We also had a very exciting event in 1997 and it kept us going for the better part of a day. A piece of equipment had been damaged by lightning. We fooled ourselves.
WSJ: How do you not get frustrated?
Ms. Tarter: If you go into this field, you need to be mindful of how vast this undertaking is. Let's say space is the oceans of the earth. Then in 50 years what we've done is scooped one glass out of that ocean and examined it and we haven't found any fish. But we're not ready to conclude there are no fish in the ocean.
MS. Tarter: When we started SETI, planets were a good theory, but the only planetary system we knew about was our own. Now we know that there are many planets.
[We also now know about] organisms that live in boiling battery acid, in the cooling waters of nuclear reactors, at the bottom of the ocean where there's no sunlight. So over my career, the potential habitable real estate out there has expanded enormously.
WSJ: Why do we assume that extraterrestrial life is more advanced than us?
Ms. Tarter: We can't find [life], so we're using technology as a proxy, as a way to infer the existence of intelligent life. If you're talking about looking remotely for technological civilizations, the minimum entry card is 20th century technology. We've had that kind of technology 100 years in a 10 billion-year-old galaxy, in which there are many stars quite a bit older than our sun.
WSJ: What do you think discovering intelligent life on another planet would mean for humanity?
Ms. Tarter: That we have a future. And second, I think discovering a signal, or even actually being actively involved in looking for a signal, has the effect of holding a mirror up to the planet, and making us see ourselves as all the same, all earthlings. It might help trivialize the differences among us.
WSJ: You had to suspend research temporarily in 2011 when funding fell through.
Ms. Tarter: Yeah, that was one of the dips in the roller coaster. We actually lost the secure federal funding back in 1993. We've been raising private funding ever since.

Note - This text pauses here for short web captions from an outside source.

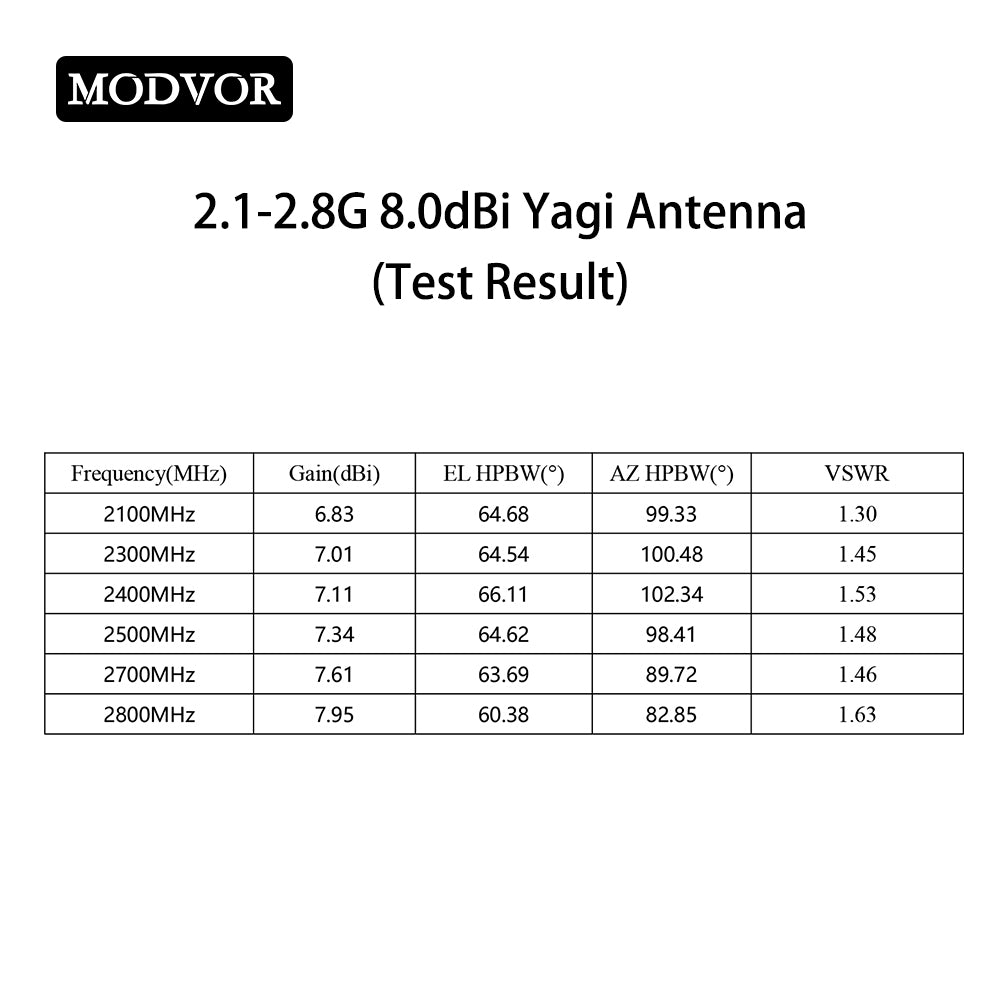 2.4 ghz yagi antenna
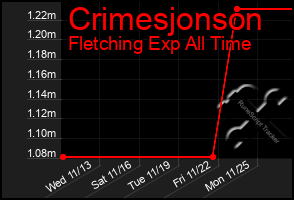 Total Graph of Crimesjonson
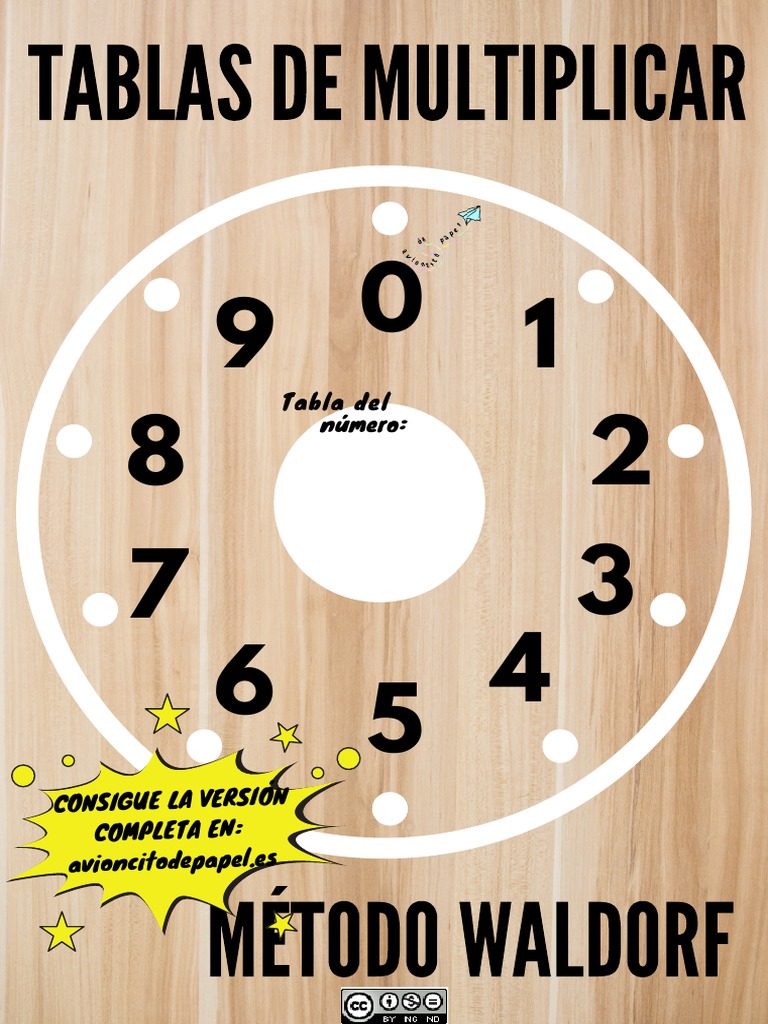Tabla de Multiplicar WALDORF PDF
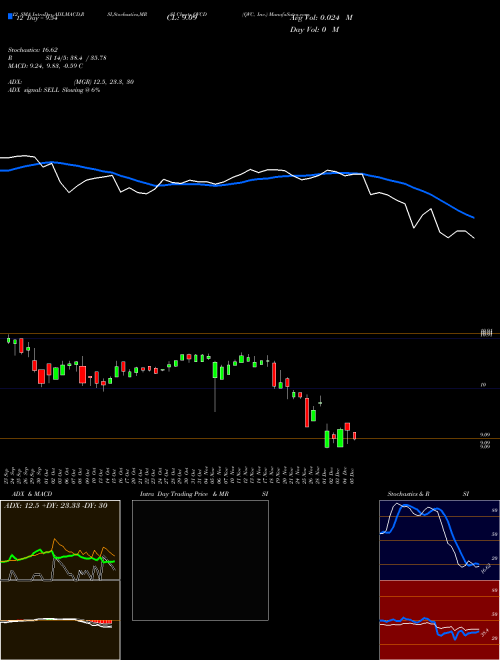Chart Qvc Inc (QVCD)  Technical (Analysis) Reports Qvc Inc [
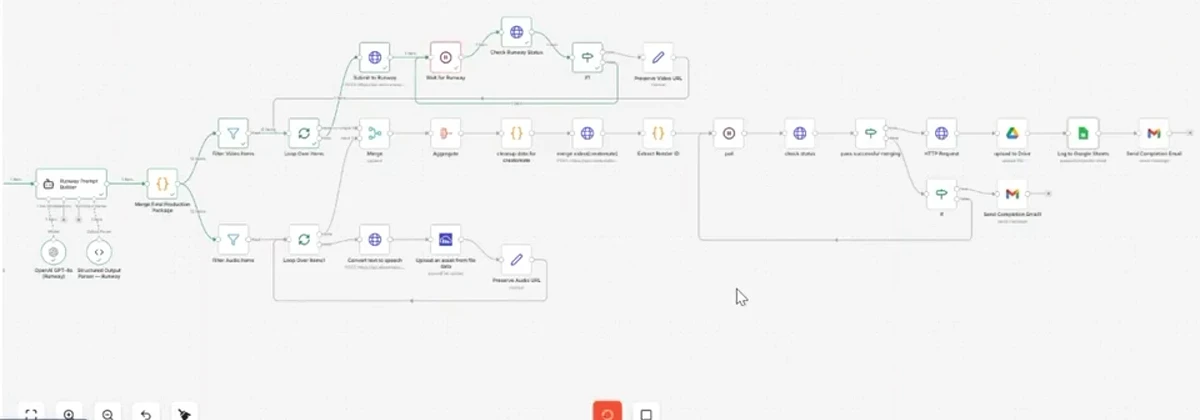 n8n canvas: prompt builder, video and audio branches, Runway status checks, Creatomate merge, Drive upload, Sheets log and completion emails.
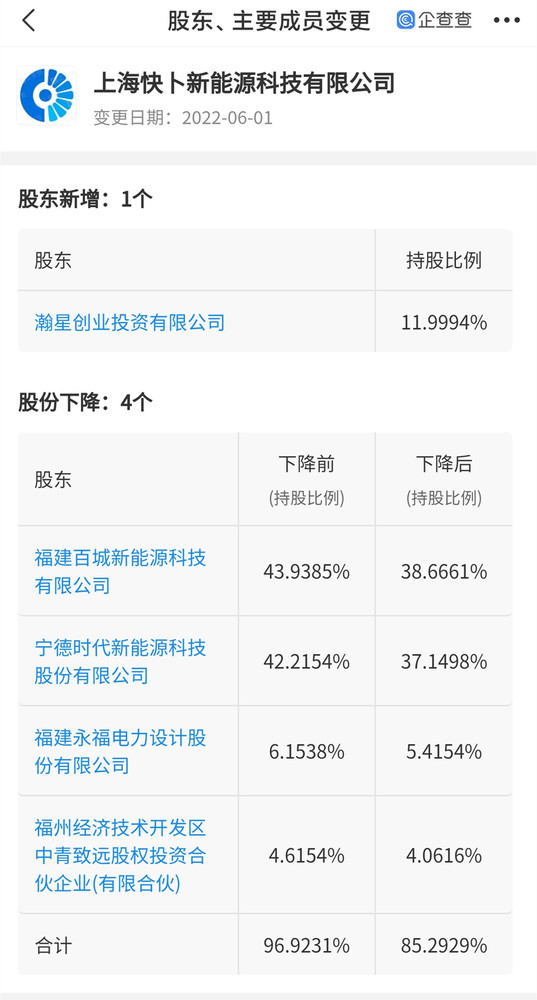 小米持续布局汽车行业 新投资的上海快卜是什么公司？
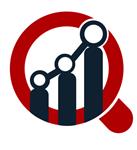 Product Analytics Market is Expected to Reach USD 12.3 Billion at a 14.57% of CAGR by 2032 – Report by Market Research Future (MRFR)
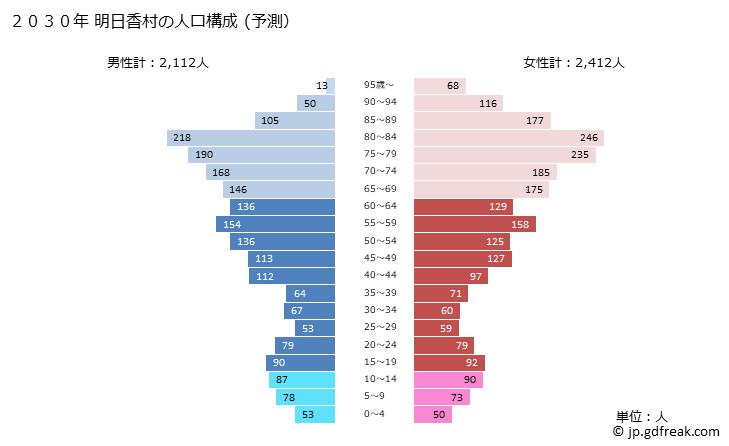 グラフ 明日香村(ｱｽｶﾑﾗ 奈良県)の人口と世帯 2030年の人口ピラミッド（予測）
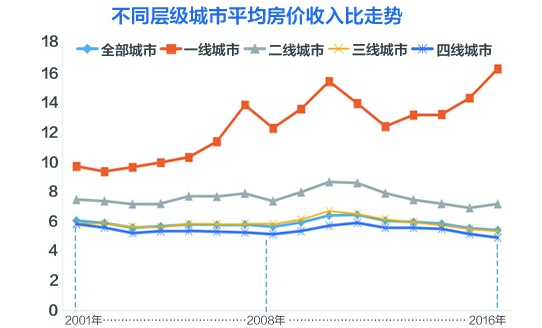 摇摆的北漂：外面的人想进来，里面的人想出去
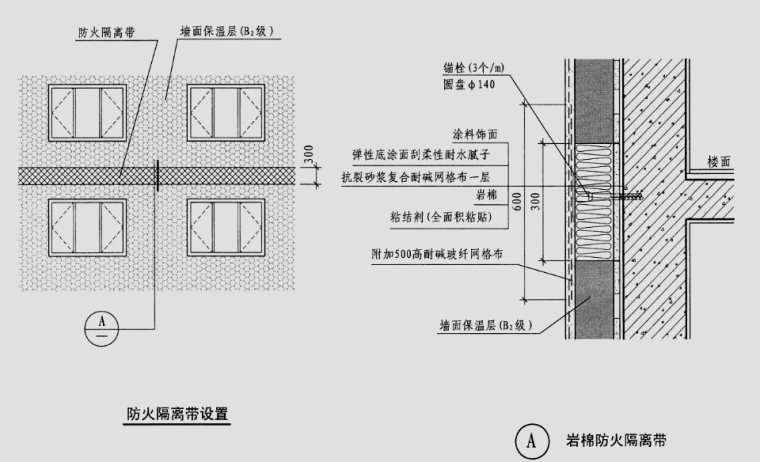 幕墙设计中的一些问题：规范.材料.防火（PPT，116页）_4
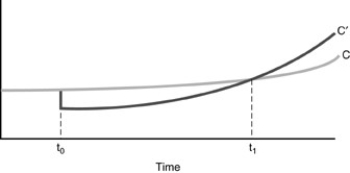 Figure 12-2, below, displays two time paths of consumption, C and   , which may characterize a country according to its growth policies. Figure 12-2   -Referring to Figure above, we may conclude A)  Path C' represents the effects of a policy to lower savings from time to t1 forward. B)  Path C' represents the effects of a policy to lower savings from time t0 to t1. C)  Path C' represents the effects of a policy to lower savings from time t1 forward. D)  Path C' represents the effects of a policy to lower savings from time to t1.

The past few years have been really dismal, as the economy has been in bad shape. We're precarious. If we were in OK shape, I would have put this off longer because fundraising isn't nearly as much fun as observing on the telescope.
[The] first target is $2 million a year. That's $60 million in an endowment. That's significant money, but it isn't impossible.
WSJ: Does being based in the heart of Silicon Valley help with fundraising?
Ms. Tarter: That is a community that we have reached out to. When we lost the funding in 1993, [Hewlett-Packard Co. founders] Dave Packard, Bill Hewlett, [Intel Corp. co-founder] Gordon Moore, [Microsoft Corp. co-founder] Paul Allen, those kinds of folks provided a lot of funding that's kept us going for the past couple of decades.